“You have the proofs?”
“They will be at your service, my choleric friend,” replied the other suavely, “in exchange for your silence.”
Adam Lambert drew a chair close to his whilom enemy, sat down opposite to him, with elbows resting on his knee, his clenched fists supporting his chin, and his eyes—anxious, eager, glowing, fixed resolutely on de Chavasse.
“I’ll hold my tongue, never fear,” he said curtly. “Show me the proofs.”
Sir Marmaduke gave a pleasant little laugh.
“Not so fast, my friend,” he said, “I do not carry such important papers about in my breeches’ pocket.”

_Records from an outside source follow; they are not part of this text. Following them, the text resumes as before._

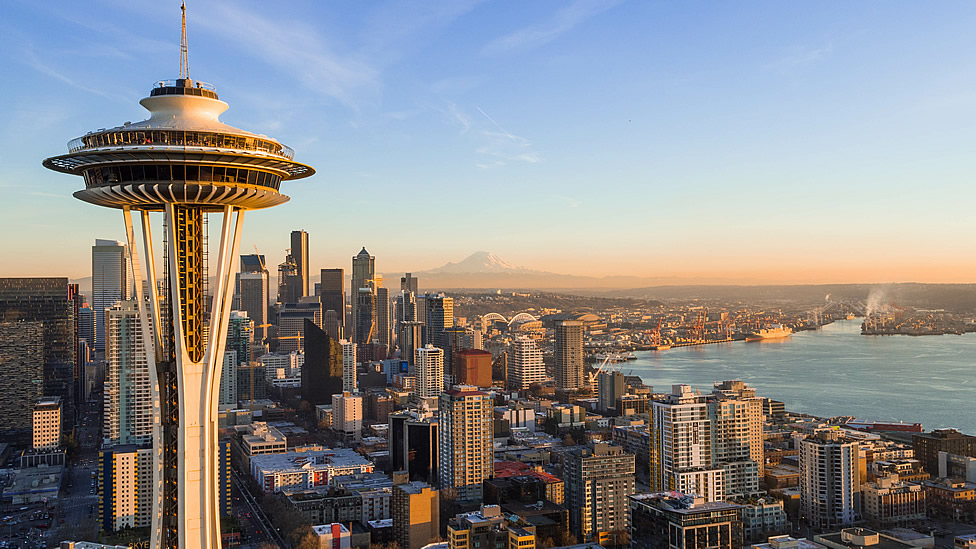 The Space Needle stands in the foreground with downtown Seattle skyscrapers behind, Mount Rainier in the distance, and Elliott Bay to the right under a clear sky. Evergreen State Heat & AC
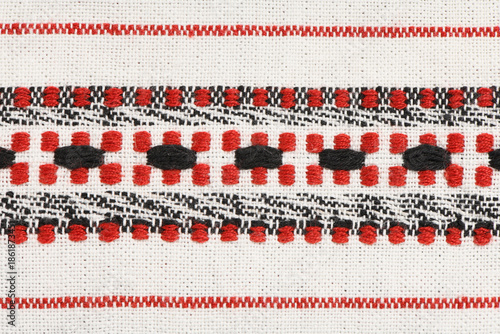 Traditional Ethnic Red and Black Geometric Embroidery Pattern on White Linen Fabric Background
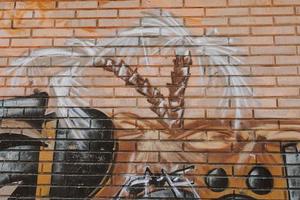 graffiti on a beige brick wall urban background photo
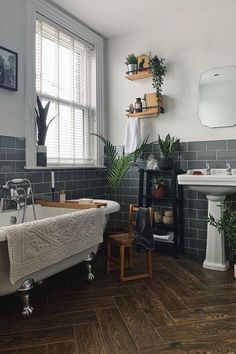 a bath tub sitting under a window next to a white sink and wooden flooring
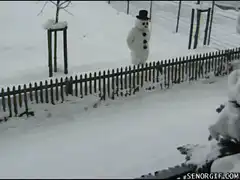 Snowman waves at passerby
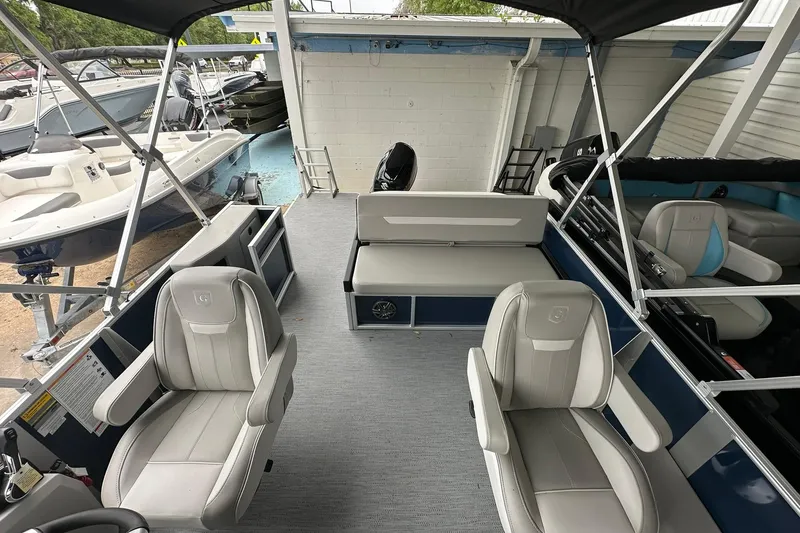 Slide: The Image of 2026 Sweetwater EX 2286 SFLX pontoon boat interior with seating and canopy. - 8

And he rose from his chair, picked up the perruque and false mustache which the other man had dropped upon the floor, and adjusting these on his head and face he once more presented the appearance of the exiled Orleans prince.
“But thou’lt show them to me to-night,” insisted the smith roughly.

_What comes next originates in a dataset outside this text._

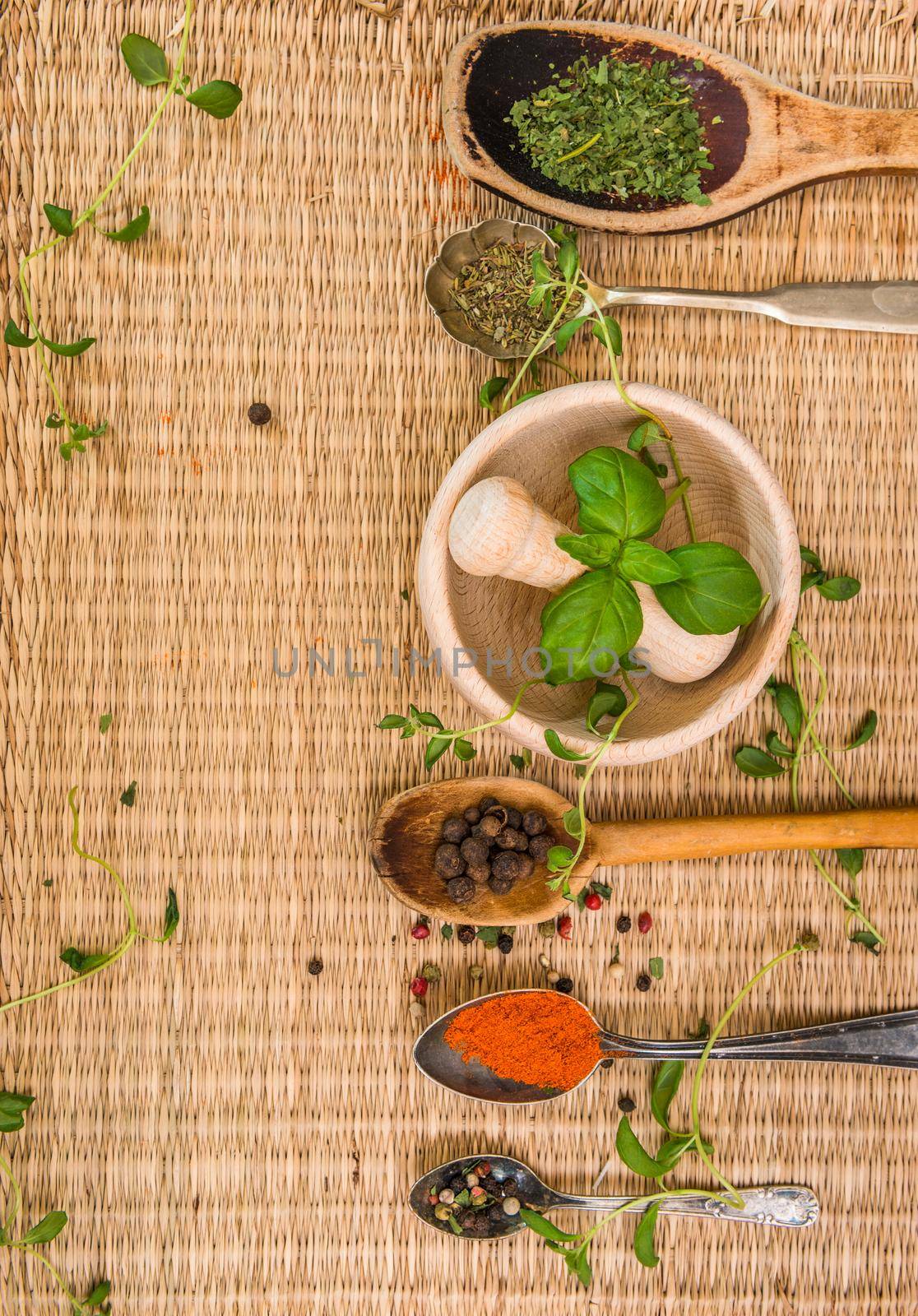 mortar with herbs and spices on a straw mat background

“How can I, mine impatient friend?” quoth de Chavasse lightly, “the hour is late already.”
“Nay! what matter the lateness of the hour? I am oft abroad at night, early and late, and thou, methinks, hast oft had the midnight hour for company. When and where wilt meet me?” added Lambert peremptorily, “I must see those proofs to-night, before many hours are over, lest the blood in my veins burn my body to ashes with impatience. When wilt meet me? Eleven? ... Midnight? ... or the small hours of the morn?”
He spoke quickly, jerking out his words through closed teeth, his eyes burning with inward fever, his fists closing and unclosing with rapid febrile movements of the fingers.
The pent-up disappointment and rebellion of a whole lifetime against Fate, was expressed in the man’s attitude, the agonizing eagerness which indeed seemed to be consuming him.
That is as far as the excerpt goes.